Dec. 8 (Bloomberg) -- The following is a roundup of soccer stories from U.K. media, with clickable links to the Web.
Manchester United defender Rio Ferdinand, taken off in the second half of last night’s 1-1 draw with Valencia with a tight hamstring, will be able to play next week against Arsenal, the British Broadcasting Corp. said.
United manager Alex Ferguson said Ferdinand hadn’t torn any muscles and that the club would “have several days now to make sure he is right.”
Pardew the Pick?
Newcastle is likely to hire former West Ham and Charlton manager Alan Pardew after ex-Tottenham coach Martin Jol declined to replace the fired Chris Hughton, who worked for him at Spurs, the Daily Mail said.
Pardew, 49, may take over tomorrow to prepare for this weekend’s home match with Liverpool, the newspaper said.
The next Newcastle coach will take the job knowing that striker Andy Carroll may be sold by the club, the Independent said.
The 21-year-old is the team’s biggest asset, with a value of about 15 million pounds ($24 million), and had a close relationship with Hughton, the newspaper said.
21 Million-Pound Man
Arsenal may give midfielder Samir Nasri a new five-year 21 million-pound contract extension after the Frenchman became the London club’s leading scorer this season with 11 goals, the Sun said.
Nasri’s contract still has 18 months on it, and the 23-year-old said he’s benefiting from a break in playing after not making France’s World Cup squad, the newspaper said.
Arsenal will also try to sign extensions with defender Gael Clichy and forward Andrey Arshavin, the newspaper said.
Inter Milan manager Rafael Benitez is under pressure to win the FIFA Club World Cup as his club sits in fifth place in Serie A, the Mirror said.
The Spaniard has overseen four league losses, including one to AC Milan, and is getting caught up in internal political conflicts involving President Massimo Moratti, the newspaper said.

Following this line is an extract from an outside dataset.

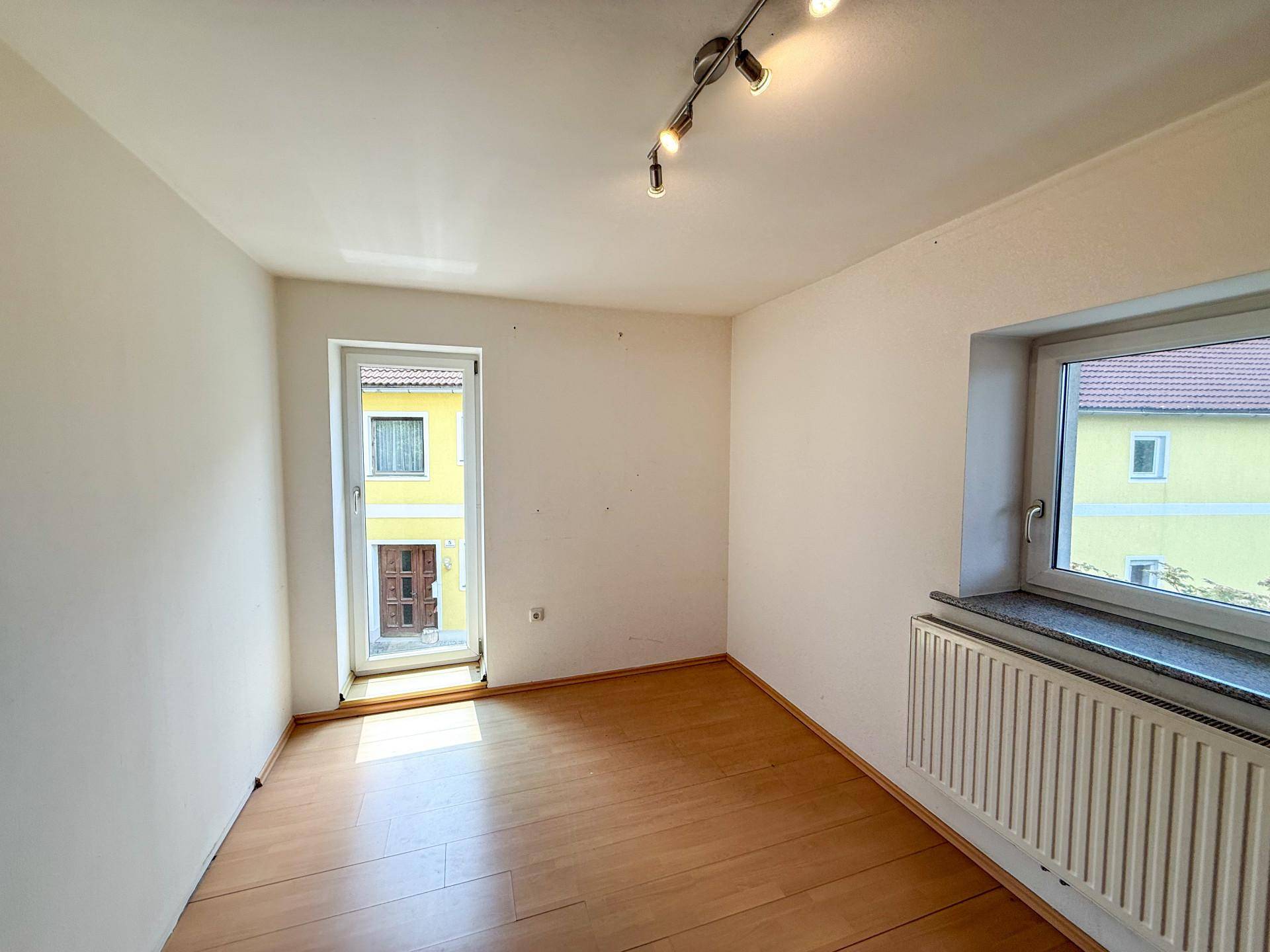 Leeres Zimmer mit Laminatboden und Fenster, das einen Blick auf das Nachbargebäude bietet, vielseitig nutzbar.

Inter will have a bye to the semifinals of the FIFA event, which is being held in Abu Dhabi.
Aston Villa manager Gerard Houllier was criticized by his own fans for acknowledging and applauding the crowd at Liverpool and ignoring Villa’s supporters after his 3-0 loss in his return to Anfield this week, the Sun said.
Houllier, who left Liverpool in 2004, joined Villa less than three months ago, and with the team just two spots out of the relegation zone, supporters are turning on him, the newspaper said.